Salmos: Capítulo 81
- ¡Gritad de gozo a Dios, nuestra fuerza, aclamad al Dios de Jacob!
- ¡Entonad la salmodia, tocad el tamboril, la melodiosa cítara y el arpa;
- tocad la trompeta al nuevo mes, a la luna llena, el día de nuestra fiesta!
- Porque es una ley para Israel, una norma del Dios de Jacob;
- un dictamen que él impuso en José, cuando salió contra el país de Egipto. Una lengua desconocida se oye:
- "Yo liberé sus hombros de la carga, sus manos la espuerta abandonaron;
- en la aflicción gritaste y te salvé. "Te respondí en el secreto del trueno, te probé junto a las aguas de Meribá.
- Escucha, pueblo mío, yo te conjuro, ¡ah Israel, si quisieras escucharme!
- "No haya en ti dios extranjero, no te postres ante dios extraño;
- yo, Yahveh, soy tu Dios, que te hice subir del país de Egipto; abre toda tu boca, y yo la llenaré.
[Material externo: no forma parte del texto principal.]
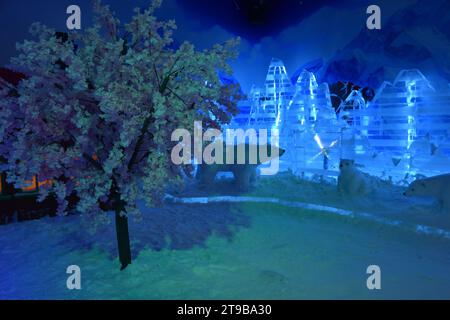 Snow, Ice World, Ice Sculptures playground, Phnomh Penh, Cambodia, South East Asia, travel, tourism, xmas fun, christmas fun Stock Photo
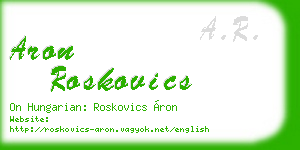 aron roskovics business card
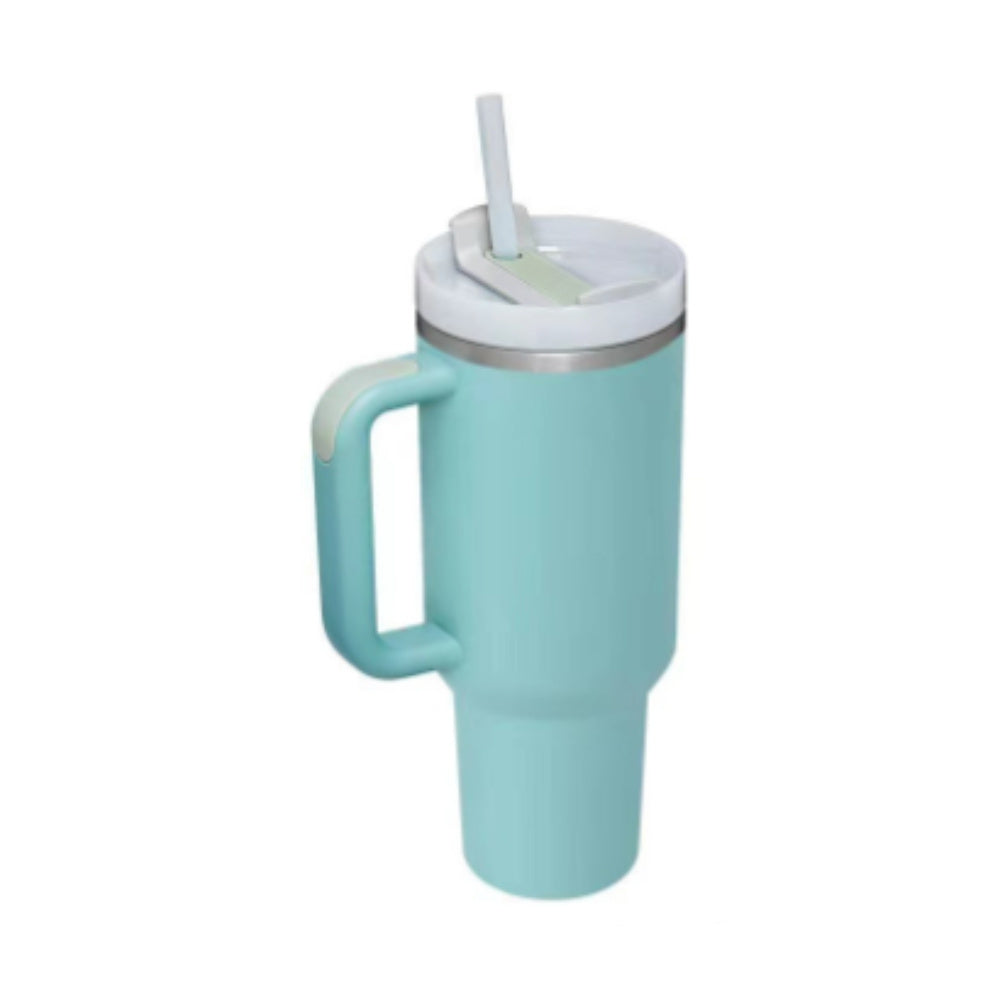 40 Oz Insulated Tumbler with Spill-Proof Lid and Drink Straw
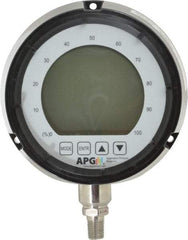 Made in USA - 4-1/2" Dial, 1/4 Thread, 0-200 Scale Range, Pressure Gauge - Lower Connection Mount, Accurate to 0.25% of Scale - USA Tool & Supply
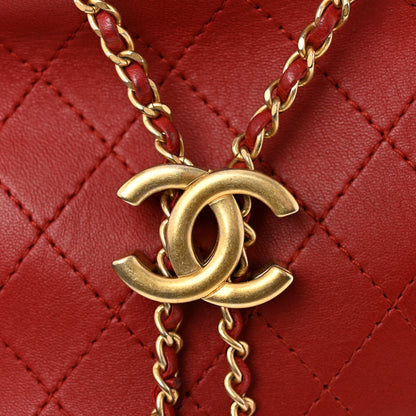 Chanel Calfskin Stitched Small Egyptian Amulet Drawstring Bag Red 13 of 13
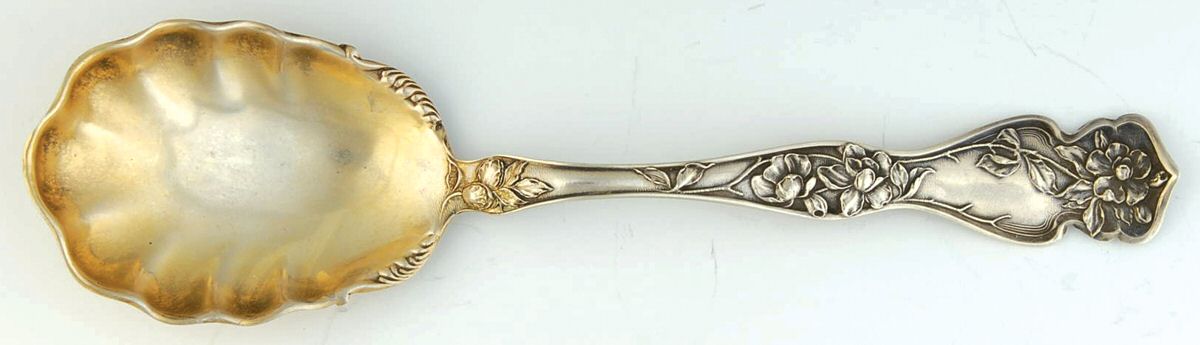 Cherry Blossom (Sterling, No Mono) Large Jelly Spoon by R. Blackinton & Co-1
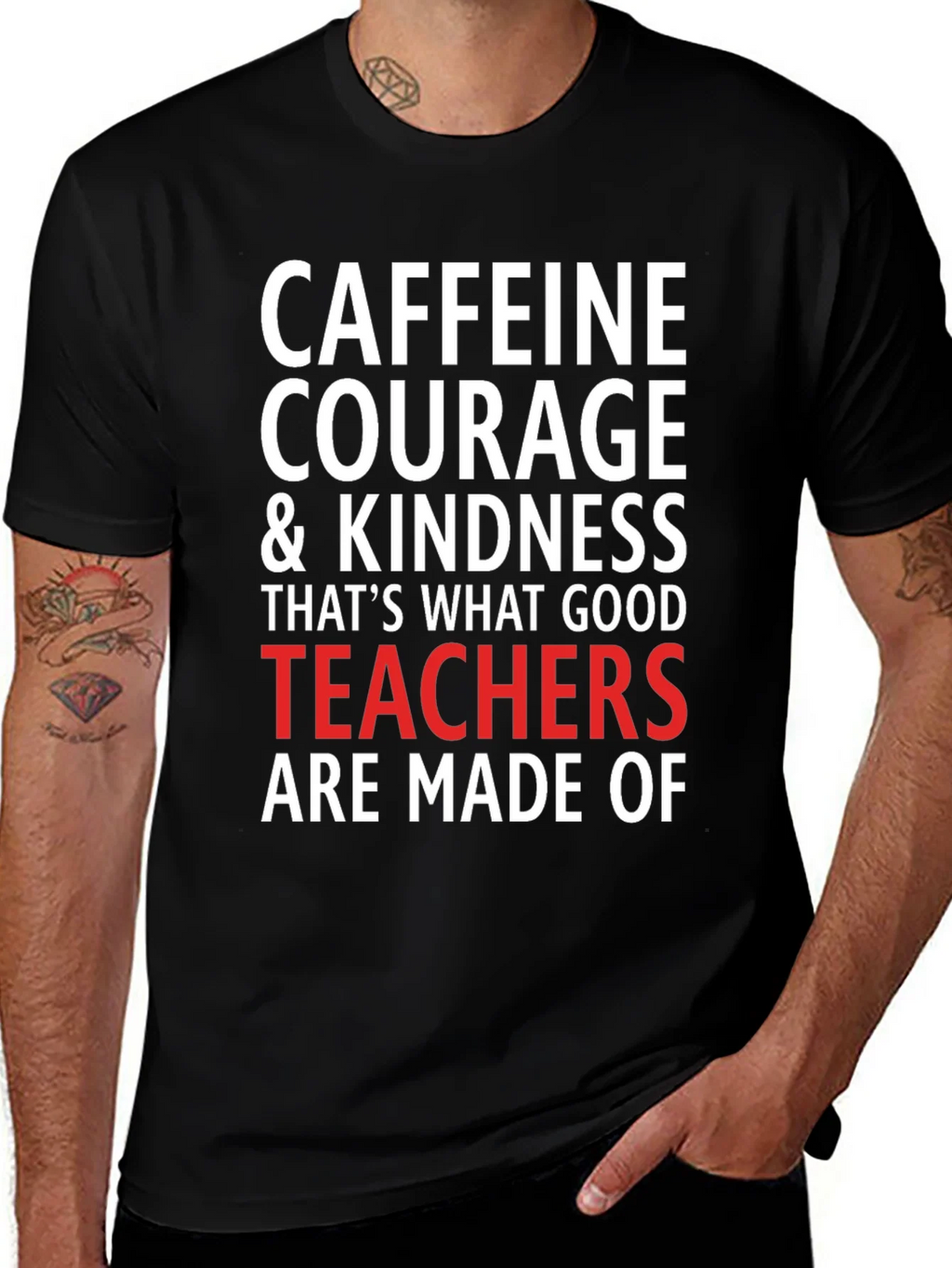 Caffeine Courage Teacher T-Shirt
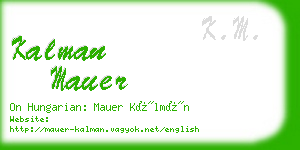 kalman mauer business card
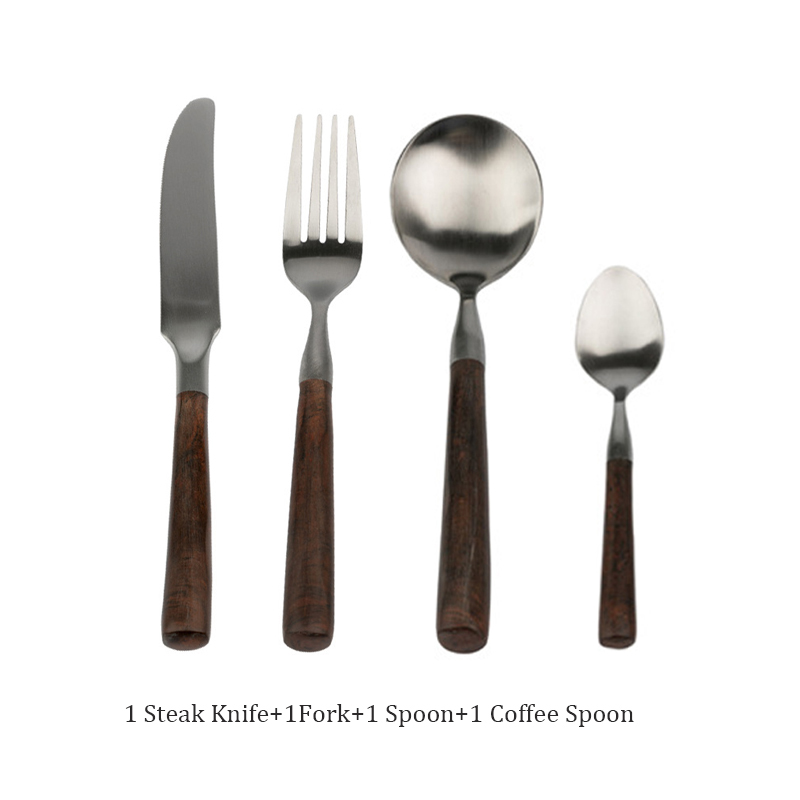 Retro Wooden Handle Dinner Knife Fork and Spoon 304 Stainless Steel Steak Knife Fruit Fork Coffee Tea Spoon Cutlery Set: Pink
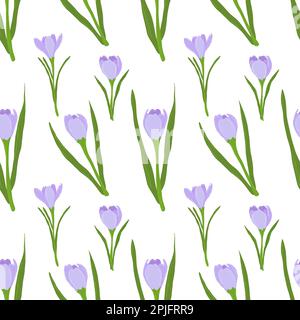 Crocus purple flowers seamless pattern on white  Stock Vector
- "Pero mi pueblo no escuchó mi voz, Israel no me quiso obedecer;
- yo les abandoné a la dureza de su corazón, para que caminaran según sus designios.
- "¡Ah!, si mi pueblo me escuchara, si Israel mis caminos siguiera,
- al punto yo abatiría a sus enemigos, contra sus adversarios mi mano volvería.
- "Los que odian a Yahveh le adularían, y su tiempo estaría para siempre fijado;
- y a él lo sustentaría con la flor del trigo, lo saciaría con la miel de la peña."